═════ Exercise inputs ═════

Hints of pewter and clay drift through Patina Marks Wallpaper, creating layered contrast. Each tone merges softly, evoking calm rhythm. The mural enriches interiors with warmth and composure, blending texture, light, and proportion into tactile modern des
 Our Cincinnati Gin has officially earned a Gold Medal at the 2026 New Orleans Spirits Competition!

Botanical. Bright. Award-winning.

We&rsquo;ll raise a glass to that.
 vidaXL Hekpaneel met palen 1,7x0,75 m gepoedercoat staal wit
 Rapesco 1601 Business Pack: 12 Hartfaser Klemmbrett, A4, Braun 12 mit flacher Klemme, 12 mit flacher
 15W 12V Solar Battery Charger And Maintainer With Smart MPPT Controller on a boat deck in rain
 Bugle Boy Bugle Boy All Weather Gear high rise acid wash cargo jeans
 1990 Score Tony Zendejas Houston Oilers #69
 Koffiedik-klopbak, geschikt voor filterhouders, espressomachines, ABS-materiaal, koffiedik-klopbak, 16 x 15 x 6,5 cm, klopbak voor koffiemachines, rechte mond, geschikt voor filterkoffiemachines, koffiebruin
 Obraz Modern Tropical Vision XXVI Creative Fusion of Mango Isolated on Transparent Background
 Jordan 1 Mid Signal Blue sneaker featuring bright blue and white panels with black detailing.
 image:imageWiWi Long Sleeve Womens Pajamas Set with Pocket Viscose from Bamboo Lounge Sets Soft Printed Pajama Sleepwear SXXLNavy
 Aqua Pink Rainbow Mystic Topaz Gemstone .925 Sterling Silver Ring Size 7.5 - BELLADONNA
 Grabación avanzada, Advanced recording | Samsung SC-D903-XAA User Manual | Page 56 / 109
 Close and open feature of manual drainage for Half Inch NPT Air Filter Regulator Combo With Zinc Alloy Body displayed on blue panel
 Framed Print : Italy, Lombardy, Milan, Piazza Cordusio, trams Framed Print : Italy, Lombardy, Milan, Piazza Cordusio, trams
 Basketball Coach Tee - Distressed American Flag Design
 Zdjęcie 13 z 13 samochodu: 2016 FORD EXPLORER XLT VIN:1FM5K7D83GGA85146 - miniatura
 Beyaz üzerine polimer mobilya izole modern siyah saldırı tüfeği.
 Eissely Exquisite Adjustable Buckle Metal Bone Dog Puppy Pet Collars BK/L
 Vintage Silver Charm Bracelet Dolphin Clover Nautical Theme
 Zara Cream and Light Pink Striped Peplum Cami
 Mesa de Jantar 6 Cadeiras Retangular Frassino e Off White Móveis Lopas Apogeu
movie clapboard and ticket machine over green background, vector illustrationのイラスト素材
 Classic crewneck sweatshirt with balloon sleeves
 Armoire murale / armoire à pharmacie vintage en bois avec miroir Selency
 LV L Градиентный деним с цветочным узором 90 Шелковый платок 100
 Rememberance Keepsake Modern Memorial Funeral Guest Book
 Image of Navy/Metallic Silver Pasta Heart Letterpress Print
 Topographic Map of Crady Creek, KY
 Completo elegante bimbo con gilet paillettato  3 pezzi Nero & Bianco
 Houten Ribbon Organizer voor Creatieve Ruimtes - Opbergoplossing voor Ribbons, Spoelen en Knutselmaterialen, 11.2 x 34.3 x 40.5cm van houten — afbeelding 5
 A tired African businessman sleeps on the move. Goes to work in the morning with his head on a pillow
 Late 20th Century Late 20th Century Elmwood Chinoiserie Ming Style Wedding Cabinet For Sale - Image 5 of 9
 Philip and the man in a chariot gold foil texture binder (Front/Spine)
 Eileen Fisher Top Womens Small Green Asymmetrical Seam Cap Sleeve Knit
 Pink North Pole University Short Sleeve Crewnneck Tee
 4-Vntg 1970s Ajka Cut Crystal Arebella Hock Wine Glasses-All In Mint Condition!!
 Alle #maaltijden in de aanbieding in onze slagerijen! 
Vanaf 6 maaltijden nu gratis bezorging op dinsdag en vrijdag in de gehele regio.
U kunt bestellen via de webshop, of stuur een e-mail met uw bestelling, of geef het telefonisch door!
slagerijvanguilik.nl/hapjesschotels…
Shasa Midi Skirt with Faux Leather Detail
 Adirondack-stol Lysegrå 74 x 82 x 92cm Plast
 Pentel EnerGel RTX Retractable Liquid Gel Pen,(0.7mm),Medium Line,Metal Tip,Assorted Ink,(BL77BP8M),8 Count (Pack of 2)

═════

> [Task to complete]:
Starting at the line above that holds "vidaXL Hekpaneel met" and ending at the line that holds "1990 Score Tony Zendejas Houston Oilers #69", transcribe each line exactly and include no other lines.

> [Answer to this problem]:
 vidaXL Hekpaneel met palen 1,7x0,75 m gepoedercoat staal wit
 Rapesco 1601 Business Pack: 12 Hartfaser Klemmbrett, A4, Braun 12 mit flacher Klemme, 12 mit flacher
 15W 12V Solar Battery Charger And Maintainer With Smart MPPT Controller on a boat deck in rain
 Bugle Boy Bugle Boy All Weather Gear high rise acid wash cargo jeans
 1990 Score Tony Zendejas Houston Oilers #69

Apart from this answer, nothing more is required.